Wel of geen akte van overlijden? (vrucht jonger dan 24 weken)
29 oktober 2002
Vraag nummer: 1377 (oude nummer: 1729)
Tue Feb 27 22:17:13 2001
Van de week kregen wij de opdracht om een menselijke vrucht (kindje onder 24 weken zwagerschap) te begraven. Met het staddeel kantoor ontstond een discussie over het wel of niet toepassen van de wet op de lijkbezorging. Omdat dat dit kindje enige uren zelfstandig (dus zonder hulpmiddelen) had geleefd dacht het staddeel kantoor dat wij ons nu ook aan de wet op de lijkbezorging moesten houden. Omdat inmiddels de termijn van 5 dagen was verstreken zouden we naast het verlof ook een uitstel moeten aanvragen.

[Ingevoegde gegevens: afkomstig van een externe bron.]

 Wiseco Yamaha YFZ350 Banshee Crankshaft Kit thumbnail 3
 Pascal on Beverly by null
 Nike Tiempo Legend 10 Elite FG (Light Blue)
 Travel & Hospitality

Wij hebben dit alles genegeerd en het vruchtje gewoon met een verklaring van het ziekenhuis dat het kindje onder de 24 weken zwagerschap was en dus niet levensvatbaar aangeboden bij de begraafplaats. Deze heeft gewoon geaccepteerd en begraven. Omdat er een geboorte akte is opgemaakt moesten wij naar het stadsdeel kantoor om een akte van overlijden op te laten maken. Wij hebben de ambtenaar een afschriftje van artikel 2 van de wet op de lijkbezorging gegeven, maar dat had ze niets mee te maken. Van het ziekhuis hoorde ik dat dit stadsdeelkantoor wel vaker problemen maakt. Wat moet je tegen deze eigenwijsheid doen?
Antwoord:
Tue Feb 27 23:38:20 2001
Geachte heer,
Uw conclusie klopt (en de rest ook). De wetgever gaat er indirect van uit dat kinderen na een zwangerschap onder de 24 weken vaak niet levend ter wereld komen. In de praktijk komt dat immers nauwelijks voor.

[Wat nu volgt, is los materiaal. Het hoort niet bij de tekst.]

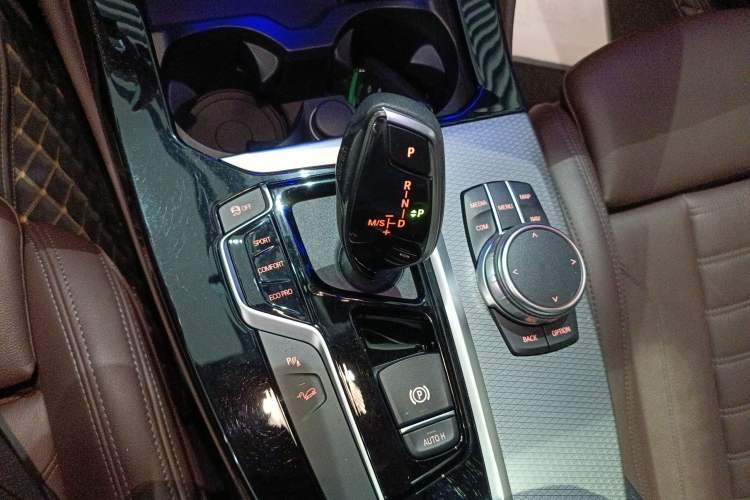 Used BMW X4 2020 xDrive25i M Sport Package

Als het wel zo is dat zo'n kind kortstondig leeft, dan lijkt gewoon artikel 2, eerste lid en onderdeel a van toepassing: dit is een overledene, hoe jong ook, dus een lijk in de zin van de wet. Echter, wie verder kijkt dan zijn neus lang is en ook het tweede lid van artikel 2 leest, ziet dat voor kinderen jonger dan 24 weken een uitzondering wordt gemaakt: de Wet op de lijkbezorging is dan niet van toepassing. Dus ook niet artikel 2, eerste lid en onderdeel a.
Ik denk wel dat we een uitzondering moeten maken op deze bepaling als deze jonge menselijke vrucht toch langer blijft leven dan een paar uur of een paar dagen en na 90 jaar overlijdt: strikt formeel valt 'ie dan onder de uitzondering van 2 lid 2, maar iedereen begrijpt dat dat niet de strekking van de wet is.
Terecht is een akte van geboorte opgemaakt en een akte van overlijden en geen akte met een levenloos geboren kind. Dat zijn per slot de feiten. En zo moet volgens het Burgerlijk Wetboek en haar uitvoeringsregelingen gehandeld worden.
En wat je tegen de eigenwijsheid van dit stadsdeelkantoor moet doen? Ik vrees dat niets helpt. Gewoon handelen zoals het wel moet of kan, zou ik zeggen. En dat hebt u gedaan. En dat heeft de begraafplaats geaccepteerd.